So much of our musical landscape has changed. Rarely do I invite someone over to listen to an album over coffee, rarely do I make a mix CD for a friend, and what used to be an exciting outing to an independent music store has increasingly become a distant memory, as these autonomous ventures continue to fold
In 1999, on the eve of PopMatters’ inception, I was an angst-ridden teenager, who had a tendency for ditching classes only to sit in the toilet reading back issues of Rolling Stone. By the end of the decade, my love for grunge music had sent me searching through expanses that spanned Punk & New Wave to classic rock, gospel, and soul.

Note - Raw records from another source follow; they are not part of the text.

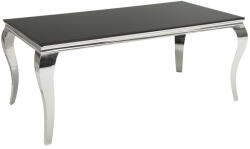 Invicta interior Masa dining Barock cu blat din sticla opal si picioare din otel inoxidabil argintiu, 180 cm (36544)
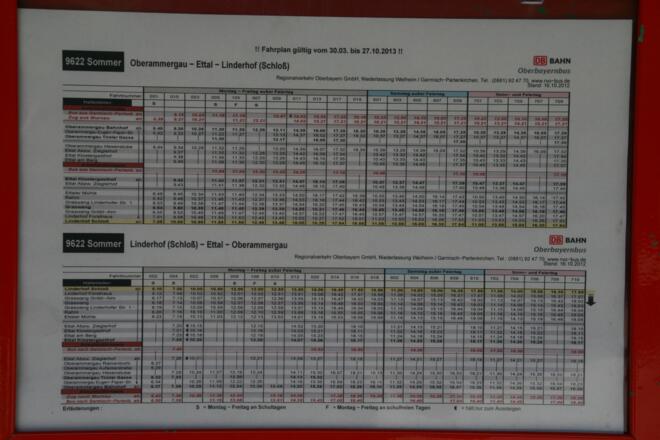 Fahrplan: Schloss Linderhof - Oberammergau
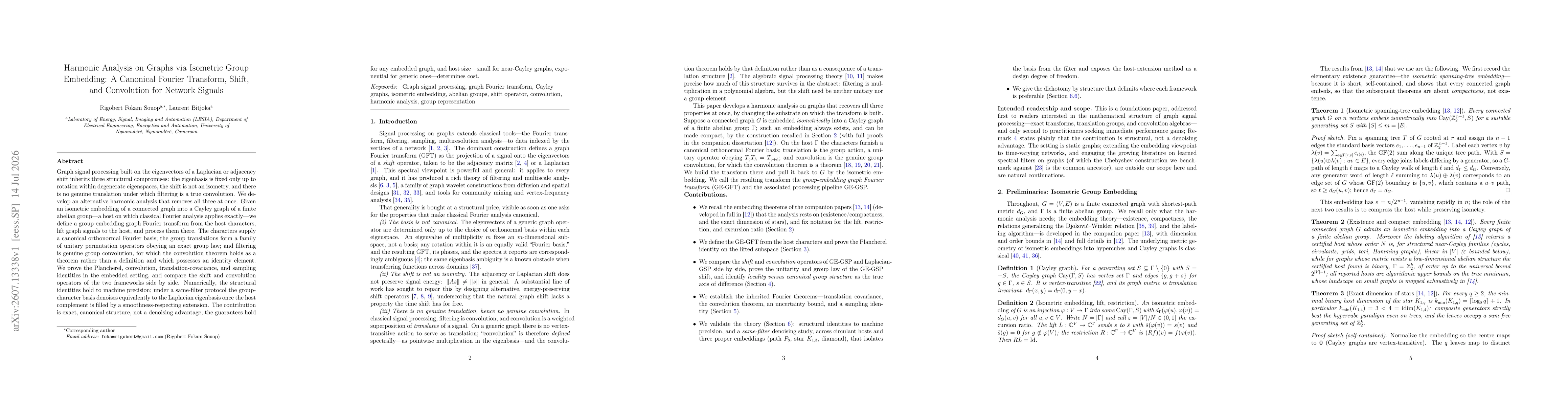 Thumbnail for Harmonic Analysis on Graphs via Isometric Group Embedding: A Canonical Fourier Transform, Shift, and Convolution for Network Signals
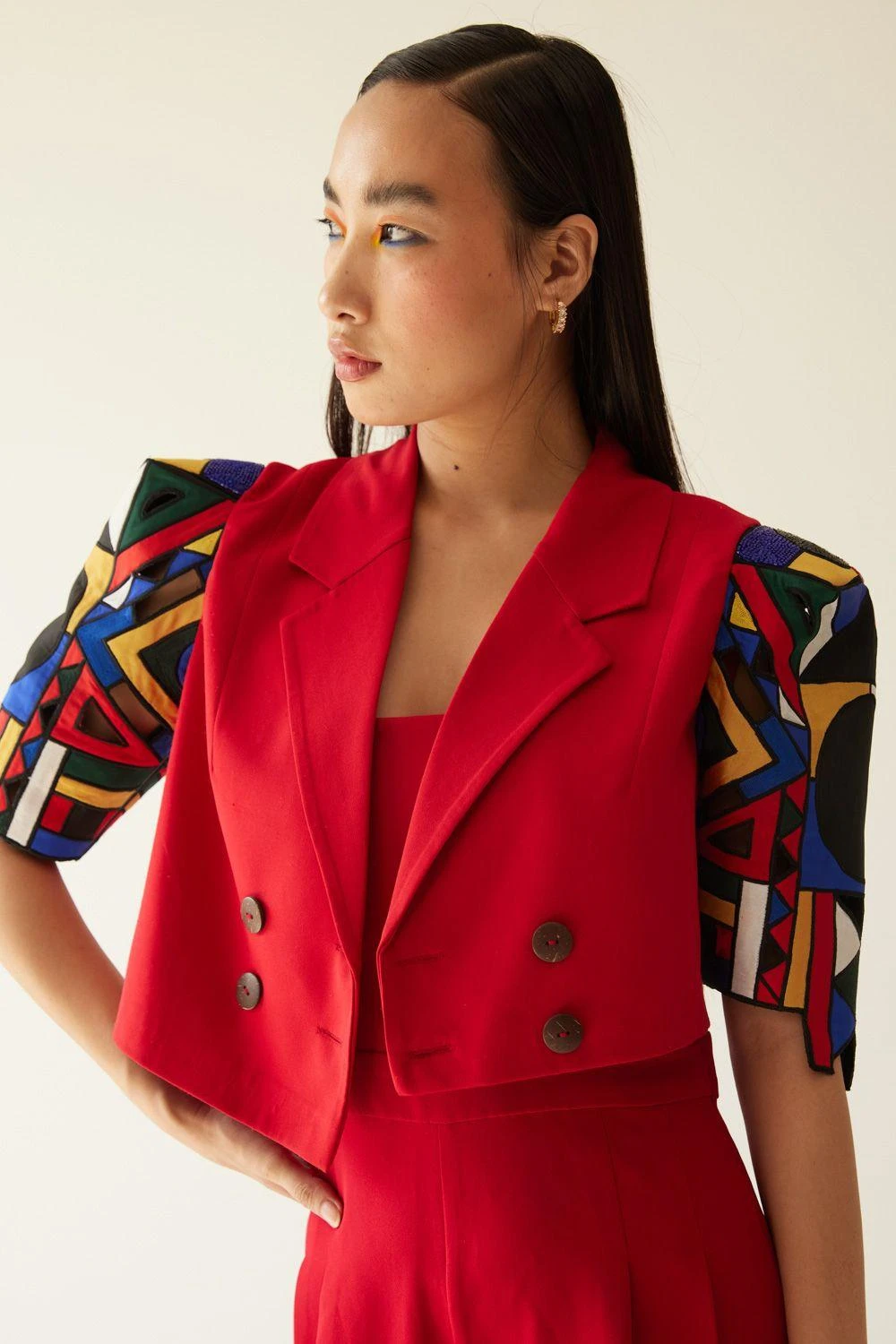 Mini Sondhi Red Embellished Box Sleeve Jacket Set 6 Mini Sondhi Red Embellished Box Sleeve Jacket Set - Image 4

But despite my obsession with the retrospective milieu, I was always conscious that I was, of all things, a product of the ‘90s. As such, the world mythologized in the pages of music magazines about vinyl records, played on analogue players was something that I believed, belonged to my forefathers. Certainly, the rickety sound of a spindle scratching the surface of an old record was romantic, and the large artwork was appealing -- but nevertheless, I was a staunch believer in the compact disc (CD). With its plastic shell, artwork, and liner notes, the CD had all the positive bearings of an old gramophone disc, except they were portable. This isn’t too mention, the shimmering and ‘untouchable’, optical surface intrinsic to every CD -- for a music aficionado like myself there was something quixotic about this; it felt like music was sacred. It was something worth protecting.
Through the years, and wherever I was geographically there was this extent need within me to maintain my music collection. If an artist were to release a new album, whether I liked it or not, I had to own it. These were then piled up alphabetically as ‘room art’ -- symbolic markers of a collective identity. At the time, when my friends and I would visit each other, we could quickly decipher from each other’s CD collections which person would get along with whom best. It didn’t seem snooty or materialistic; it was just a practicality. Lifelong friendships were born out of mutual passion or devotion to an artist. I remember when I was approaching the end of high school, when I stumbled across the 1990 re-release of Fleetwood Mac’s Rumours amongst my friend’s things: we locked eyes and in a hyperrealist moment of epiphany, I realized then that we would be friends for the rest of our lives.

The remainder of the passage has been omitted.